Load Balancers Explained

What Happens in the 1ms an ALB Adds to Your Request?

Every time a request hits an AWS Application Load Balancer, roughly 1 millisecond passes before it reaches your backend. That sounds like nothing. But in that millisecond, an extraordinary amount of work happens: TLS termination (decrypting your HTTPS traffic), HTTP parsing (reading headers, method, path), rule evaluation (checking path-based and host-based routing rules), target group selection, health check state lookup, and connection establishment to the chosen backend.

That single millisecond is the entire story of load balancing compressed into a blink. To understand what's really going on, we need to go deeper — down to the packet level.

When a client connects, the first thing that arrives at the load balancer is a TCP SYN packet. This is the client saying "I want to open a connection." At this exact moment, the LB has a decision to make: does it look at just this packet's headers (IP and port), or does it wait for the full HTTP request to arrive so it can make a smarter routing decision? That choice is the fundamental split between L4 and L7 load balancing.

L4 vs L7: What the Load Balancer Can Actually See

An L4 load balancer operates at the transport layer. When that TCP SYN arrives, it makes a routing decision immediately based on the source IP, destination IP, source port, and destination port — the 4-tuple. It never looks inside the packet payload. It doesn't know if you're sending HTTP, gRPC, WebSocket, or raw binary data. It doesn't care.

This is why L4 is fast. The LB rewrites packet headers using NAT (Network Address Translation) — swapping the destination IP from its own address to the chosen backend's address — and forwards the packet. The entire operation can happen in kernel space, often using technologies like DPDK or eBPF/XDP that bypass the kernel networking stack entirely. Google's Maglev load balancer handles 10 million+ packets per second per machine using this approach.

An L7 load balancer has to do far more work. It must complete the TCP handshake with the client, perform TLS termination (if HTTPS), buffer the HTTP request, parse headers, evaluate routing rules, then open a separate TCP connection to the backend and forward the request. It's essentially a full proxy — two connections instead of one. The overhead of parsing HTTP vs just forwarding packets is significant: L7 adds microseconds to milliseconds of latency per request, and each connection consumes more memory because the LB maintains state for both sides.

But L7 gives you superpowers.

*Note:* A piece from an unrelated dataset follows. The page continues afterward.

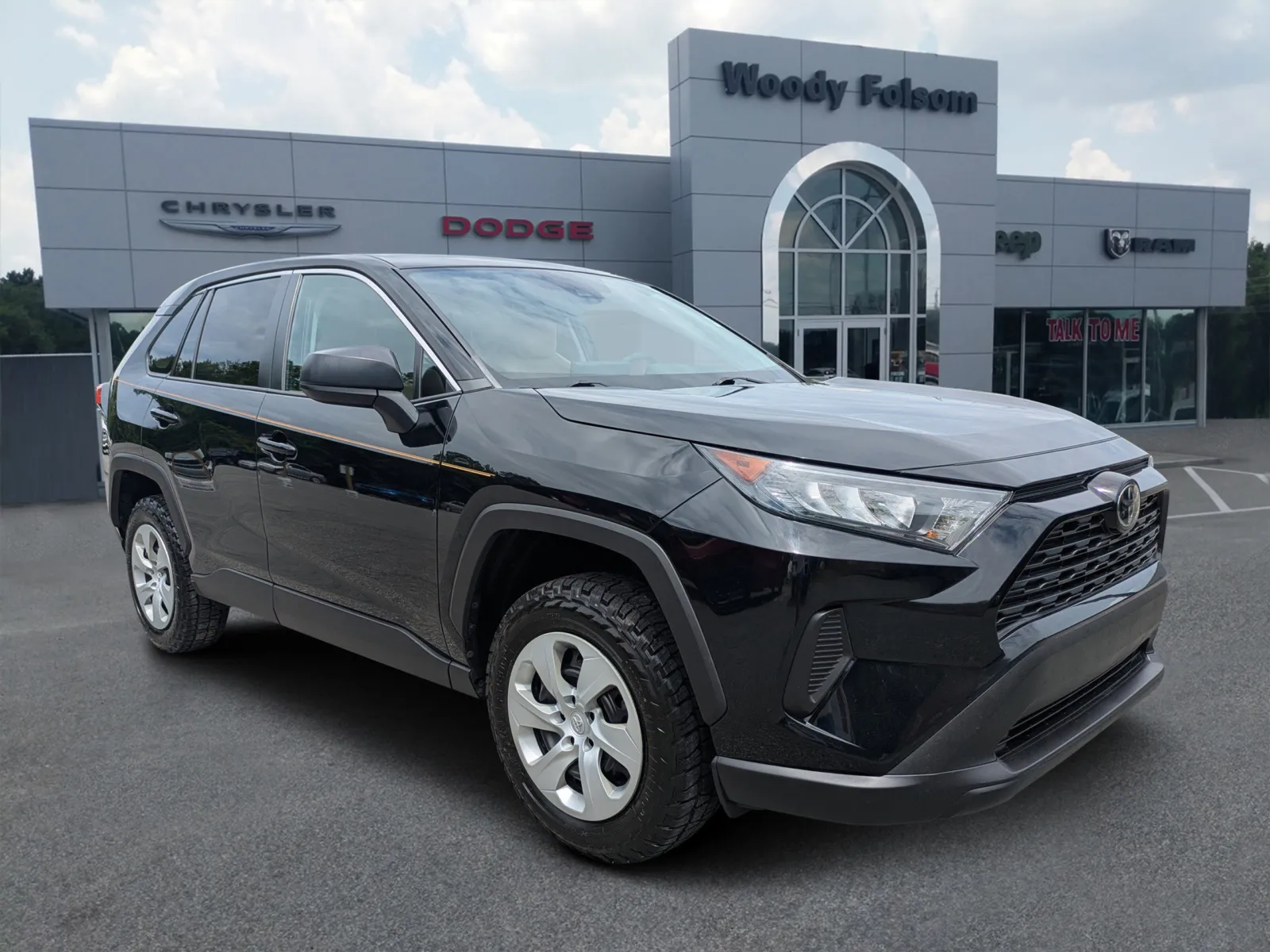 Black 2022 Toyota RAV4 LE for sale in Vidalia, GA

You can route /api/v2/* to your new service, send requests with X-Canary: true to canary backends, do A/B testing based on cookies, rate-limit by API key, and inject headers like X-Request-ID for distributed tracing. AWS ALB, NGINX, Envoy, and Traefik all operate at L7.

L4 rewrites packet headers and forwards — one connection end-to-end. L7 terminates TLS, parses HTTP, then opens a separate backend connection — two full TCP sessions.

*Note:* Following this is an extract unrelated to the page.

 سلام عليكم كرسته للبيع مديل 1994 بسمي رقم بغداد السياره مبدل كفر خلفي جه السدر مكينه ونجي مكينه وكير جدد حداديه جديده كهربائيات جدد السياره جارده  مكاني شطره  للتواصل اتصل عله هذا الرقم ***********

The C10K Problem That Changed Everything

In 1999, Dan Kegel posed a question that shaped modern server architecture: can a single server handle 10,000 concurrent connections? At the time, the dominant model was one thread (or process) per connection. With 10K connections, you'd need 10K threads, each consuming ~1MB of stack memory. That's 10GB of RAM just for stack space — absurd for the hardware of the era, and still wasteful today.

The solution was event-driven I/O. Instead of blocking a thread per connection, a single thread monitors thousands of file descriptors using system calls like epoll (Linux), kqueue (BSD/macOS), or IOCP (Windows). When data arrives on any connection, the kernel notifies the application, which processes it and moves on. No thread sitting around waiting.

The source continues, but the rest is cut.